At 04:30 ET (09:30 GMT), the Dollar Index, which tracks the greenback against a basket of six other currencies, traded 0.2% higher to 97.010, after a 0.2% gain in the previous session.
Large parts of Asia, including China, remained closed for a holiday, while the U.S. has returned from George Washington’s birthday.
Dollar edges higher ahead of key data
“A quiet start to the week due to a U.S. holiday has seen the dollar find some support,” said analysts at ING, in a note, given “a stretched USD short-term undervaluation that by itself justifies some USD gains on calm days.”
The dollar has edged higher in the early days of the week, with the focus squarely on a swathe of U.S. economic cues, including the minutes of the Federal Reserve’s January meeting, due on Wednesday.
The minutes come after the Fed left interest rates unchanged and warned that risks to inflation and the labor market still remained. Since then, payrolls and consumer inflation data offered mixed cues on the world’s largest economy.
“But today’s ADP weekly payrolls should attract some interest after the 10-24 January came in on the soft side. The Empire Manufacturing index is also out today, expected to decline to the low sixes,” ING added.
The PCE price index data for December, due on Friday, will be a key reading for markets. The print is the Fed’s preferred inflation gauge, and is widely expected to factor into long-term interest rate projections.
Sterling slips on political strife
In Europe, GBP/USD dropped 0.3% to 1.3594, with sterling hit after the release of data which showed a further softening of the U.K. labor market.
According to the Office for National Statistics, the jobless rate climbed to 5.2% in the three months to December, up from 5.1% the prior month, and the highest level since early 2021.
At the same time, pay growth across the whole economy, excluding bonuses, fell to an annual 4.2% rate in the three months to December, a sharp drop from the 4.5% level seen the prior month.

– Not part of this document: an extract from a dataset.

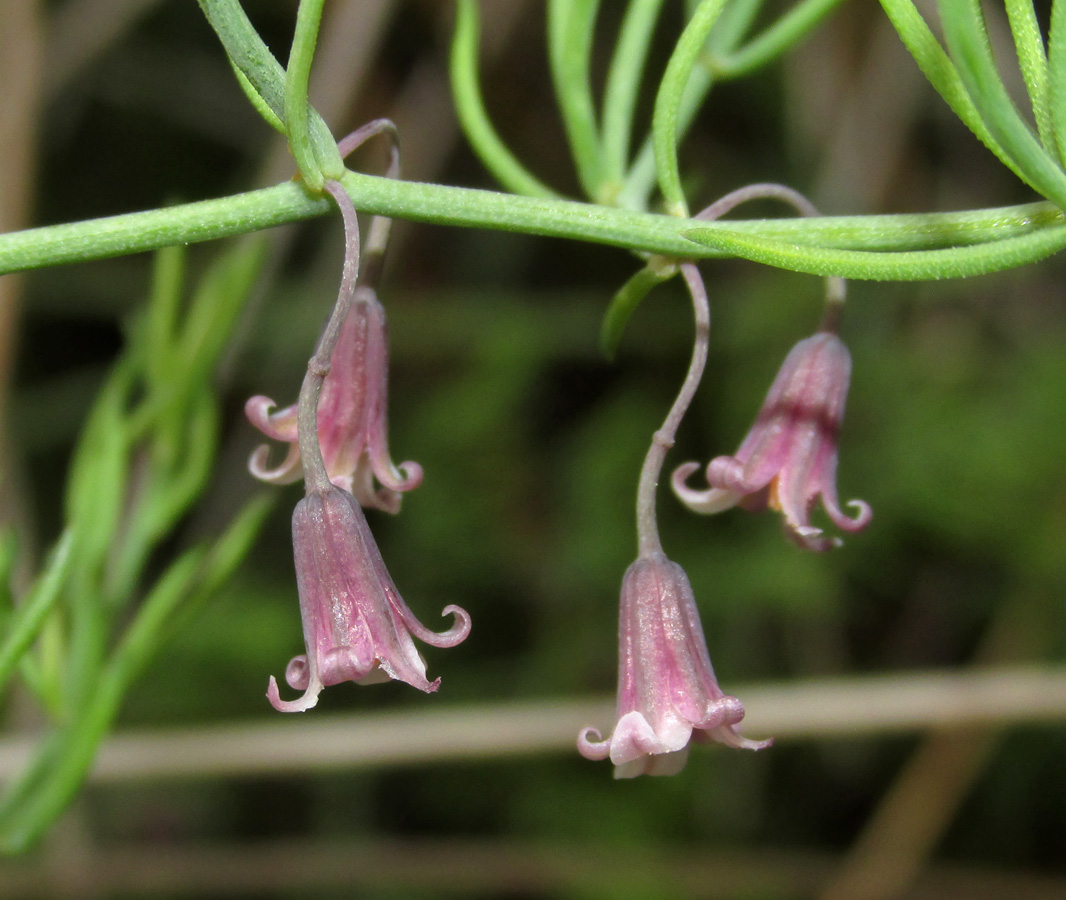 Изображение особи Asparagus pallasii.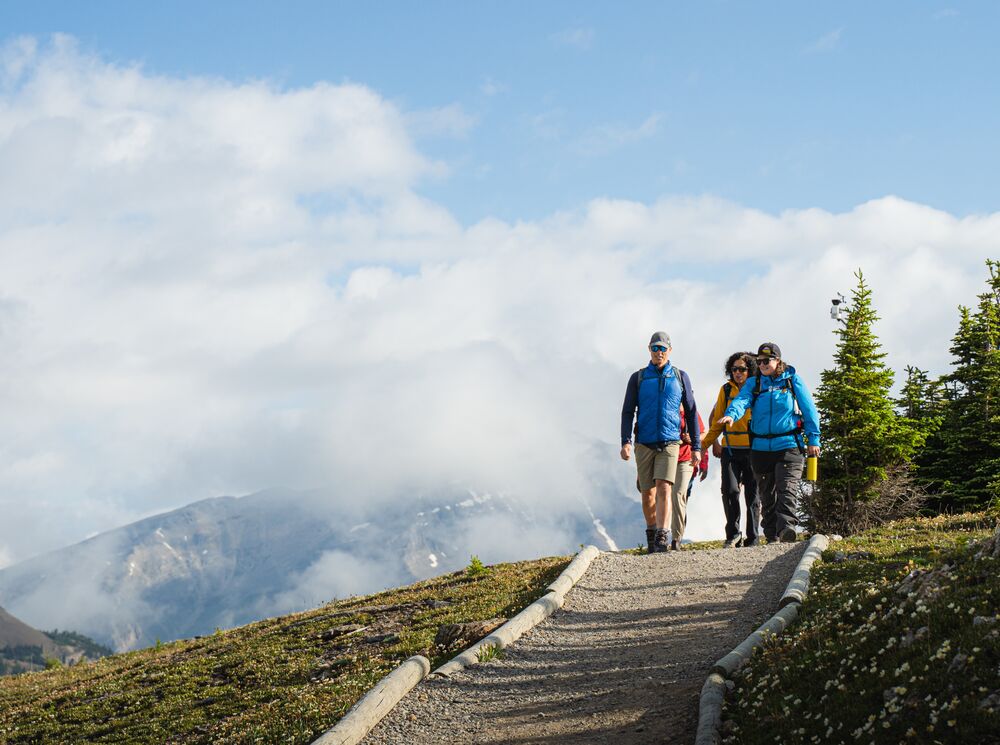 Group of people on a guided hiking tour at Sunshine Meadows in the summer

“If these trends persist into the March data, a Bank of England rate cut next month looks increasingly likely,” said analysts at ING, in a note.
EUR/USD traded 0.1% lower to 1.1846, ahead of the release of the latest German ZEW economic sentiment index, which is expected to show further improvement in confidence in the Eurozone’s largest economy.
“That said, we remain slightly more in favour of EUR/USD downside for the remainder of the week, given room for USD to recover based on short-term fundamentals. A test of 1.1800 soon remains our baseline,” ING added.